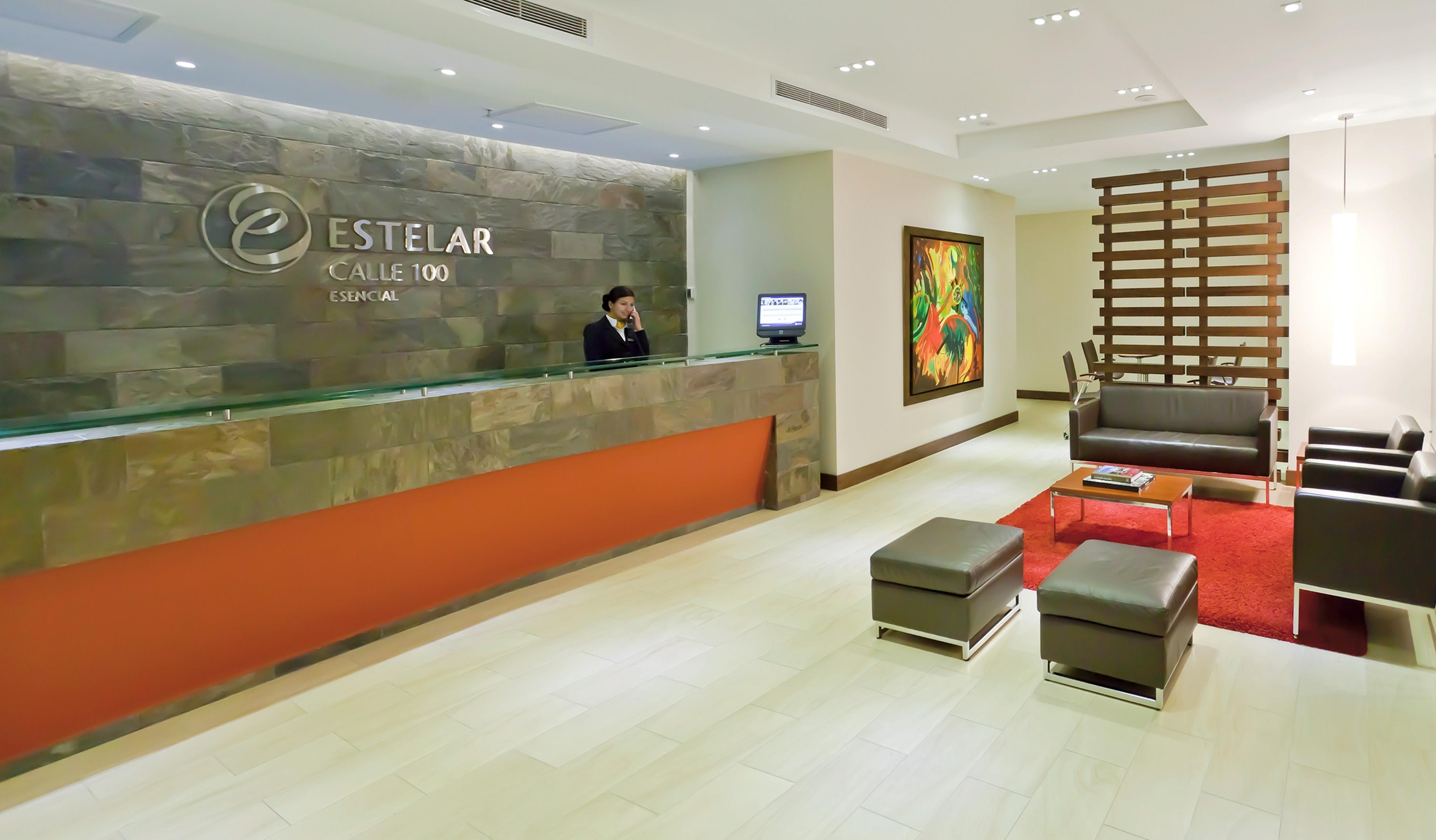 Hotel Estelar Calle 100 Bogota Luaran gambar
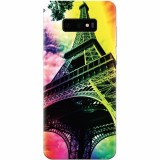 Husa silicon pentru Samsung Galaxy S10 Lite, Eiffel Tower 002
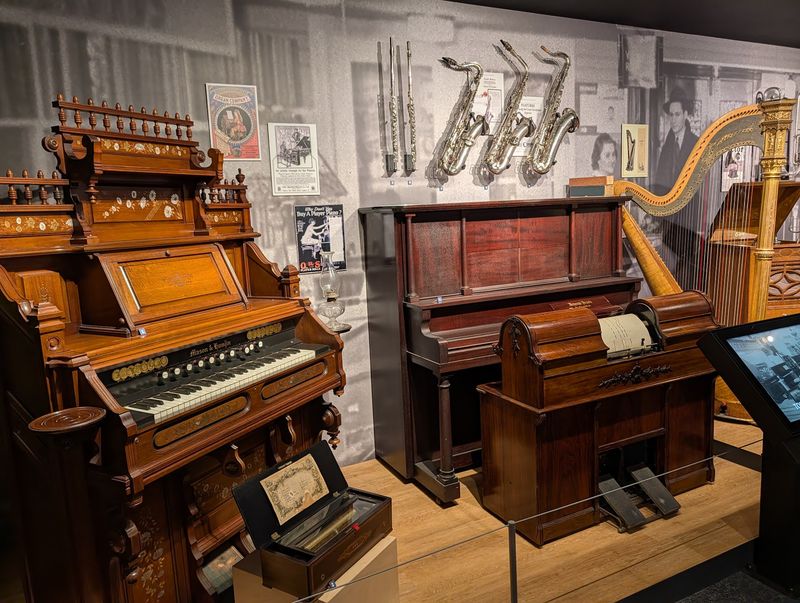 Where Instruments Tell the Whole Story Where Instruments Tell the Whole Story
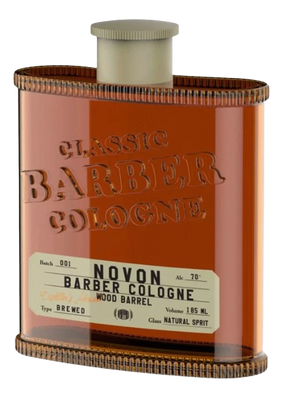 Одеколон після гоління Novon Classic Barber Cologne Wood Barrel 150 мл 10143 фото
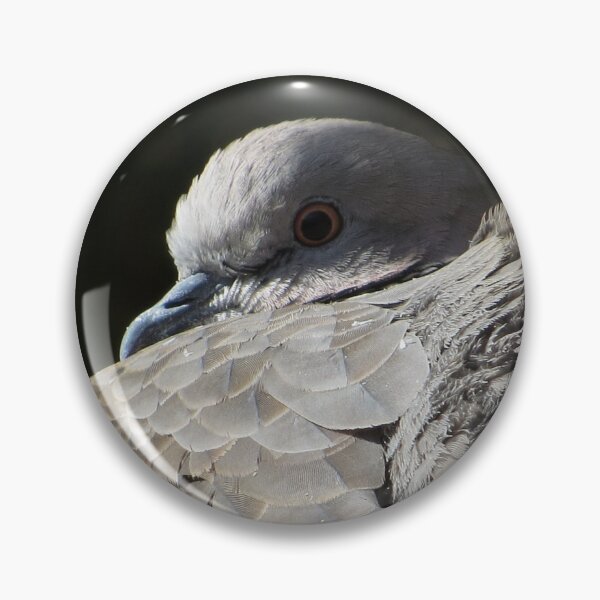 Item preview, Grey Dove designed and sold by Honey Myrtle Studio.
★ ★ ★ ★ ★
Every record must be copied exactly, with the pictures left out.

 Hotel Estelar Calle 100 Bogota Luaran gambar
 Husa silicon pentru Samsung Galaxy S10 Lite, Eiffel Tower 002
 Where Instruments Tell the Whole Story Where Instruments Tell the Whole Story
 Одеколон після гоління Novon Classic Barber Cologne Wood Barrel 150 мл 10143 фото
 Item preview, Grey Dove designed and sold by Honey Myrtle Studio.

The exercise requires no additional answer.